He contended that there was no proof that 1st Respondent was a proper Plaintiff that could sue and be sued and the same applied to 2nd Respondent who depended on the existence of the 1st Respondent. The learned counsel then submitted that since there was no proof of proper Plaintiffs before the lower court, then the whole proceedings and judgment was without foundation and amounted to a nullity which ought to be set aside.
He urged this court to allow the appeal.
The Respondents’ Brief of Argument was settled by Aniedi Ben (Mrs.) learned counsel who adopted the two issues for determination as formulated by the Appellant which I earlier set down in this judgment.
The learned counsel argued that the Appellant did not raise any issue from Ground 1 of the Grounds of Appeal and that ground must be deemed as abandoned. He urged that the ground of appeal be struck out, citing Unity Bank Plc. v. Bouari (2008) All FWLR (pt. 416) 1925; Akinsanya v. Longman (1996) 3 NWLR (Pt. 436) 303; Ibrahim v. Mohammed (1996) 3 NWLR (Pt. 437) 453.
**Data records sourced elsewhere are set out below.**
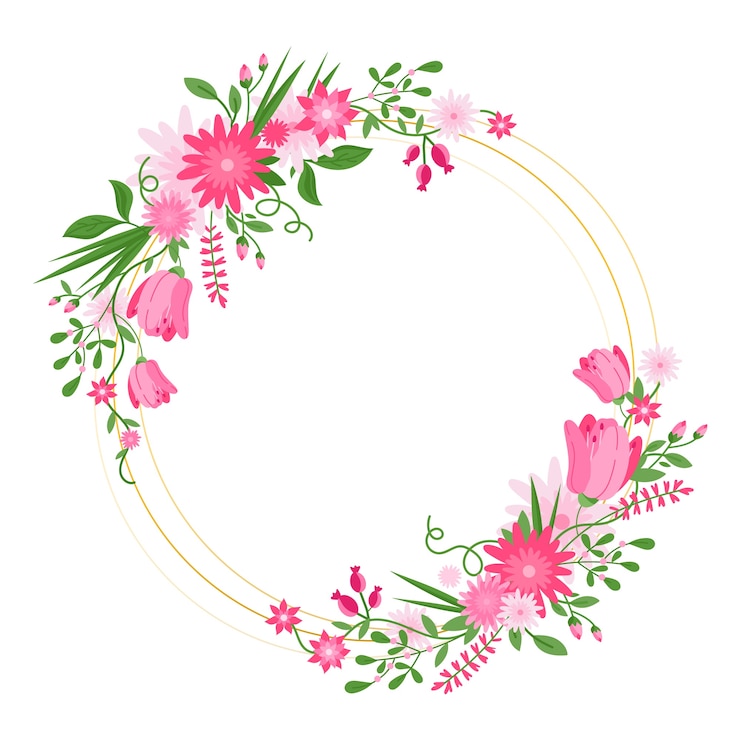 Vector gratuito concepto de marco floral de primavera dibujado a mano
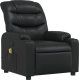 vidaXL Rozkładany fotel masujący, czarny, sztuczna skóra 3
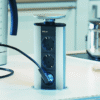 Evoline Powerport 3ST stopcontact rvs/alu/zwart. Evoline Powerport 3ST stopcontact rvs/alu/zwart.
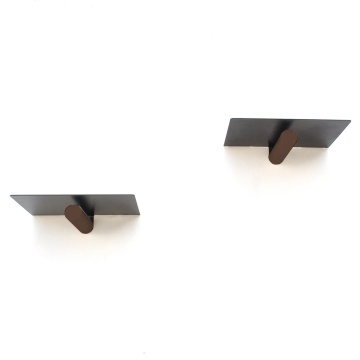 Set 2 rafturi de perete pentru carti 21x6x15 cm, lemn carpin 100% lucrat manual, cadru metal, capacitate 7 kg, maro - Verificat A · Re-Bloom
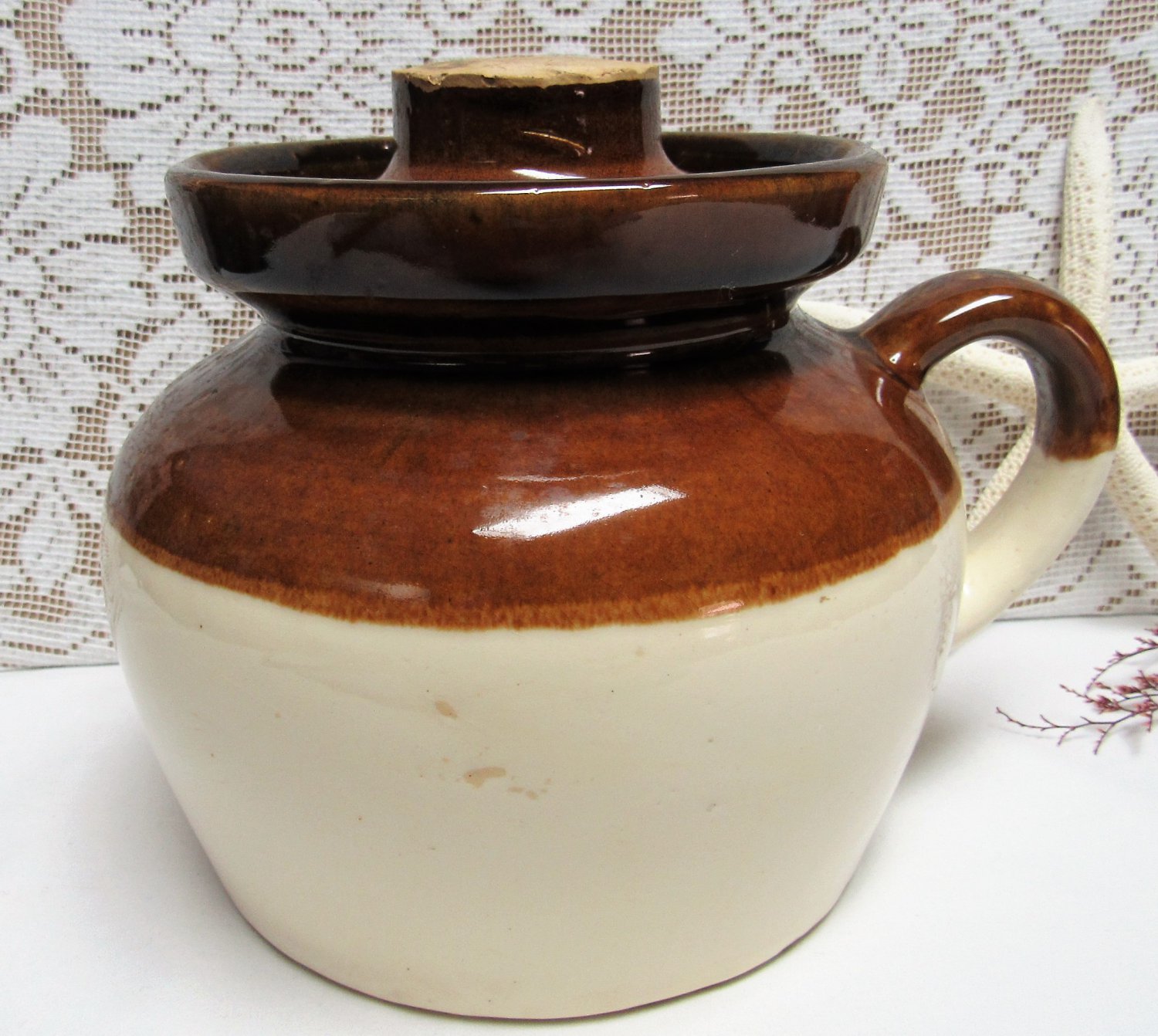 Vintage ROBINSON RANSBOTTOM STONEWARE POTTERY Bean Pot Cookie Jar Country Farmhouse RRP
On the first issue for determination, Respondents’ counsel contended that the Respondents pleaded and proved the acts of conversion of the Respondents, funds by the staff of the Appellant which acts were calculated to confer underserved benefit on the Appellant and her staff and for which the Appellant was vicariously liable, and there was no evidence in contradiction. On when exemplary damages are proved, the learned counsel referred to Rooks v. Bernard (1964) 2 WLR 269; Ezeani v. Ejidike (1964) 3 NSCC 306; 7up Bottling company Plc. vs. Abiola & Sons (2001) FWLR (pt. 59) 121 and urged court to hold that the Respondents had by evidence established their entitlement to general and exemplary damages.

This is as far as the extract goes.